Par exemple, on peut citer l’approche particulière et douce de Bourricot, un participant régulier du forum, qui écrivait en mars dernier : «  Exemple, ce n’est absolument pas productif, c’est con ça sert à rien mais j’ai des jeunes qui un aprem ont fait un tour en moto, ont ramené des copines et puis ils ont passé l’aprem à tchatcher dans leur canapé et boire des coups. Au premier coup d’oeil, des branleurs qui foutent rien encore. Mais pour eux grave important, il s’agissait évidemment de draguer les minettes. Et réciproquement.
Je suis parti sur un principe totalement non directif sans programme, sans projet. Bon des fois c’est l’hallu vu de l’extérieur. C’est une base de travail de départ, je reviens de loin en fait… (9) »

Au fil de ces études et témoignages, les centres sociaux apparaissent particulièrement « pris » dans leur environnement social.

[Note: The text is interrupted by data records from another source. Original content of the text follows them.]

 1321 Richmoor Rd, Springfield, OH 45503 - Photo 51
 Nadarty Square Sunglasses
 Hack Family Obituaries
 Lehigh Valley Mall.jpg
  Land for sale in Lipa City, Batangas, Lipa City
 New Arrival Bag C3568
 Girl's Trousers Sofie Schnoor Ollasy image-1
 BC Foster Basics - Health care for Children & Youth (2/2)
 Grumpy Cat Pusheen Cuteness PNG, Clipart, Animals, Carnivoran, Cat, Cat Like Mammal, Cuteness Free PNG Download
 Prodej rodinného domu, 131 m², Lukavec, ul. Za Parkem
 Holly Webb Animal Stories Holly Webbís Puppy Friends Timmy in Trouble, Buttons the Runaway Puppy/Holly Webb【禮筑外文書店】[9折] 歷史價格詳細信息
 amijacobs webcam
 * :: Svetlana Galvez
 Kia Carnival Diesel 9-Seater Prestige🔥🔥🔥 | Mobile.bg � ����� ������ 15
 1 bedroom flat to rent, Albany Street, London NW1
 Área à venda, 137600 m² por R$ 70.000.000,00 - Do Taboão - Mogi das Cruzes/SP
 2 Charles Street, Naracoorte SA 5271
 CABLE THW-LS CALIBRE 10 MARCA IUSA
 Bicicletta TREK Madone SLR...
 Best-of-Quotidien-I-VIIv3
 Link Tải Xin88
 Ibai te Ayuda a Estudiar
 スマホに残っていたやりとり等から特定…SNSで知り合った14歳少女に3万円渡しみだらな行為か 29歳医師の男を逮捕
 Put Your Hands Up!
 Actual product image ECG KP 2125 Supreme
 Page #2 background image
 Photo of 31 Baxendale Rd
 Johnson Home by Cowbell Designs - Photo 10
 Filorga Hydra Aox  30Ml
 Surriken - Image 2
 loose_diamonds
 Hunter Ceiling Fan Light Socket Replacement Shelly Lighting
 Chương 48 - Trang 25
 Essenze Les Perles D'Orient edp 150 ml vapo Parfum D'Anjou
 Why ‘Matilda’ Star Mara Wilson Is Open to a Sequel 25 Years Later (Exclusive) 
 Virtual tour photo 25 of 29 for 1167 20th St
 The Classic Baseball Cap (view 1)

Confrontés aux nouvelles formes d’engagement bénévole, à l’emprise plus grande du politique depuis la décentralisation, au déclin de l’éducation populaire, aux exigences managériales des financeurs et au développement d’une logique d’inspiration néolibérale (10), les animateurs trouveront peut-être auprès des autres travailleurs sociaux les repères dont ils ont besoin pour la construction de leur identité professionnelle. Ou peut-être s’appuieront-ils sur leurs activités et leurs pratiques ?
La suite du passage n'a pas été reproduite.